26 Şubat 1988 tarihinde Güney Kore'nin An San kentinde doğan genç oyuncu, voleybola nasıl başladığını şöyle anlatıyor: " İlkoku 4.sınıfta seçmeler yapılıyordu. Spor konusunda başarılı olabilecek çocukları spora yönlendiriyorlardı. Ben de bu sayede voleybola başladım. İlk günden itibaren profesyonel seviyede voleybol oynamaya karar vermiştim ve voleybol tam olarak hayatım oldu."
Kariyerindeki en büyük değişikliği ve en büyük sıçramayı Fenerbahçe Acıbadem'e gelerek yaşadığını söyleyen Yeon, uzundur zamandır Avrupa'da voleybol oynamak istediğini ve Fenerbahçe Acıbadem'den teklif gelince ikinci kez düşünmeden kabul ettiğini söylüyor.
Kariyerinde bundan sonraki hedefleri ile ilgili olarak ise Yeon, "Bu yıl iki büyük hedefim var.
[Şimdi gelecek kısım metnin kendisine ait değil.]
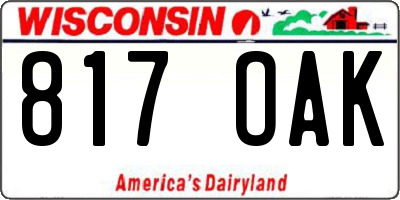 WI license plate 817OAK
Biri Fenerbahçe Acıbadem ile Şampiyonlar Ligi şampiyonluğunu kazanabilmek, diğeri ise Güney Kore ile birlikte 2012 Londra Olimpiyatları'nda altın madalyaya ulaşmak. Bunların ikisini de başarabilmeyi umuyorum. Bu nedenle gerek milli takımda gerekse Fenerbahçe'de çok çalışmam gerekecek."
İlk kez Avrupa'da forma giyeceği düşünülürse bu durumun kendisini nasıl etkileyeceğini sorduğumuzda ise Yeon, "İlk kez Avrupa'da yaşayacağım ve burada voleybol oynayacağım. Bunun için biraz heyecanlı olmakla birlikte İstanbul'a çok çabuk alışabileceğimi sanıyorum. Umarım sakatlıklar yaşamadan takıma en üst noktada katkı sağlarım." diye konuştu.
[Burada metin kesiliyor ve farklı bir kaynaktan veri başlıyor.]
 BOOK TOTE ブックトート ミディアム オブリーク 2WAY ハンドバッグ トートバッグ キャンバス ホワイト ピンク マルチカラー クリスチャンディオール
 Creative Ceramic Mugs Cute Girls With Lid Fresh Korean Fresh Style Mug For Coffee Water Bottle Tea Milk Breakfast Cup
Önümüzdeki yıl yaşamını sürdüreceği şehri ne kadar gezme şansı olduğunu sorduğumuzda Yeon, "İstanbul'un birçok tarihi yerini gezme şansım oldu. Aya Sofya, Sulhanahmet Camii gibi tarihi yerlere gittim. Ayrıca İstanbul'da tekne turu da çok güzeldi. İstanbul gerçekten büyüleyici bir şehir. Ayrıca Beyazıt'a ve İstanbul Üniversitesi'ne de gittim. Ama tam olarak yerleştiğimde fırsat buldukça İstanbul'u gezmeye devam edeceğim" diye konuştu.
Yeon, Türk yemekleri ile ilgili ise ilk başlarda kendi damak tadına uymayabileceği ile ilgili endişeleri olduğunu ancak endişelerin kısa sürede ortadan kalktığını söylüyor. Genç voleybolcu, "Kebap, köfte ve dondurma yedim. Üçüne de ayrı ayrı bayıldım. İlk zamankar korkuyordum ama şimdi de kilo almaktan korkmaya başladım. Ayrıca pirinç pilavına da bayıldım." diye konuştu.
Ailesinde büyük ablasınında voleybol oynadığını ancak annesi,babası ve diğer ablasının sporla alakası olmadığını söyleyen Yeon, ancak kendisi voleybol oynamaya başladığından beri ailesinin kendisi üzerinden desteklerini hiç çekmediklerini söyledi.
Fenerbahçe taraftarının karşısında oynamanın kendisi için ilginç bir deneyim olacağını söyleyen Yeon, "Fenerbahçe ile anlaşmadan önce haklarında çok da şey bilmiyordum ama geldikten sonra herkes bana taraftardan bahsetmeye başladı. Onların önünde oynamak inanıyorum ki çok keyifli olacak. Bir oyuncu için taraftar hep çok önemli olmuştur. Çünkü motivasyonun büyül çoğunluğunu onlar sağlar." dedi.
Boş zamanlarını bilgisayarda geçirdiğini söyleyen Yeon, internette kendi kişisel sitesiyle, alışverişle ve birçok şeyle ilgilendiğini, bunun onu dinlendirdiğini söyledi.
İstanbul'a temelli geldiiğnde ve takım arkadaşlarıyla tanıştığında adaptasyon sürecinin daha da hız kazanacağını söyleyen genç oyuncu, yeni sezona kadar İstanbul hakkında daha çok bilgi sahibi olmak istediğini söyleyerek sözlerini noktaladı.